2022-07-07 07:07:00 Inverse summer 11111

detect_image

    #---------------------------------------------------#
    #  Test pictures 
    #---------------------------------------------------#
    def detect_image(self, image):
        start = timer()
        image_shape = np.array(np.shape(image)[0:2])
        crop_img, x_offset, y_offset = letterbox_image(image, (self.model_image_size[0], self.model_image_size[1]))
        photo = np.array(crop_img, dtype=np.float64)

        #  Image preprocessing , normalization 
        photo = preprocess_input(np.reshape(photo, [1, self.model_image_size[0], self.model_image_size[1], 3]))
        preds = self.ssd_model.predict(photo)
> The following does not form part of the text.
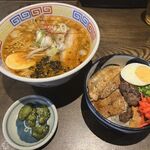 平和旭川本店 - 味噌と五種の豚丼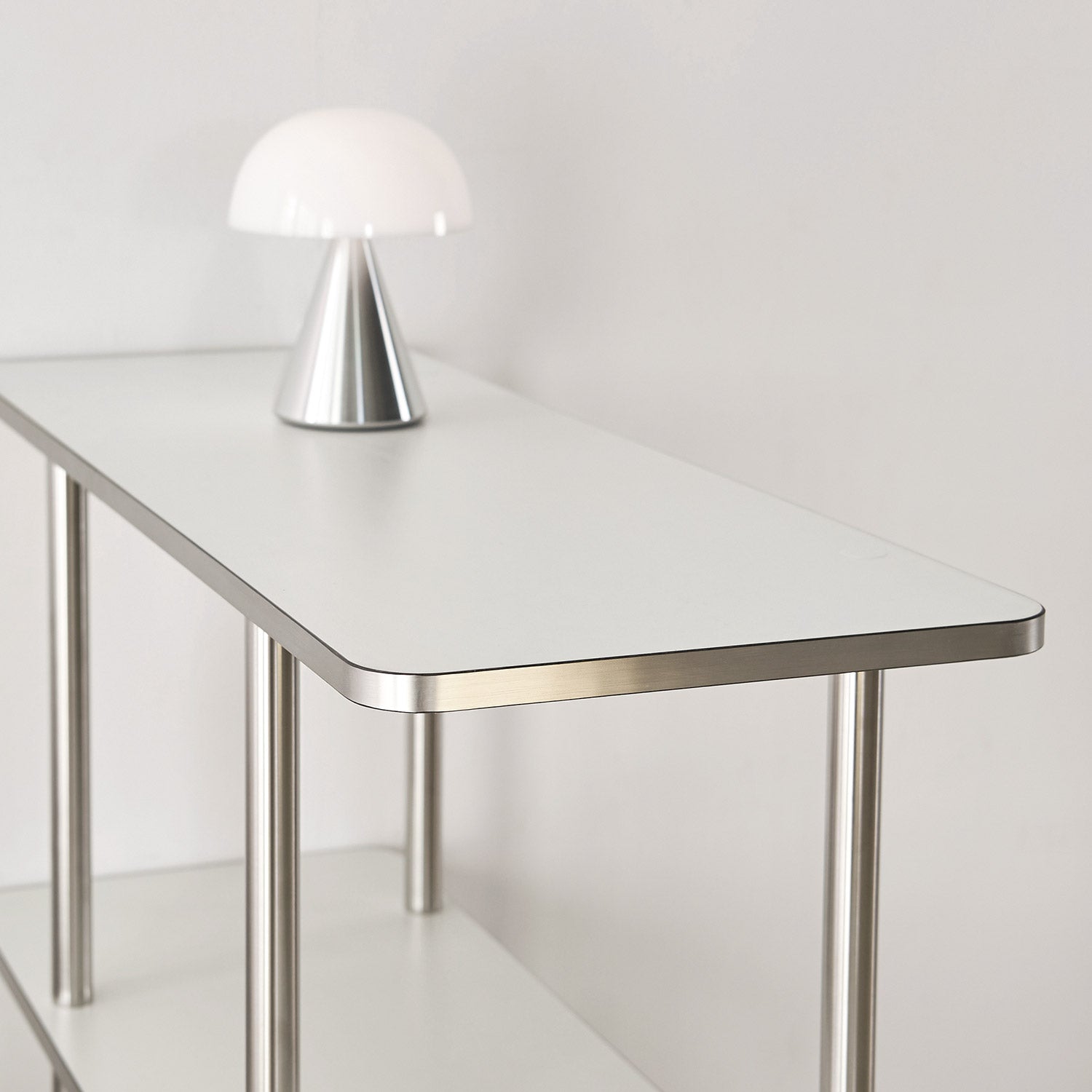 ホワイトシェルフの上段に卓上ライトが置かれている様子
        #  Decode the prediction results 
        results = self.bbox_util.detection_out(preds, confidence_threshold=self.confidence)
        # print(results)

        if len(results[0]) <= 0:
            return image, []

        #  Screen out those whose scores are higher than confidence Box of 
        det_label = results[0][:, 0]
        det_conf = results[0][:, 1]
        det_xmin, det_ymin, det_xmax, det_ymax = results[0][:, 2], results[0][:, 3], results[0][:, 4], results[0][:, 5]
        top_indices = [i for i, conf in enumerate(det_conf) if conf >= self.confidence]
        top_conf = det_conf[top_indices]
        top_label_indices = det_label[top_indices].tolist()
        top_xmin, top_ymin, top_xmax, top_ymax = np.expand_dims(det_xmin[top_indices], -1), np.expand_dims(
            det_ymin[top_indices], -1), np.expand_dims(det_xmax[top_indices], -1), np.expand_dims(det_ymax[top_indices],
                                                                                                  -1)

        #  Remove the gray strip 
        boxes = retinanet_correct_boxes(top_ymin, top_xmin, top_ymax, top_xmax,
                                  np.array([self.model_image_size[0], self.model_image_size[1]]), image_shape)

        font = ImageFont.truetype(font='model_data/simhei.ttf',
                                  size=np.floor(3e-2 * np.shape(image)[1] + 0.5).astype('int32'))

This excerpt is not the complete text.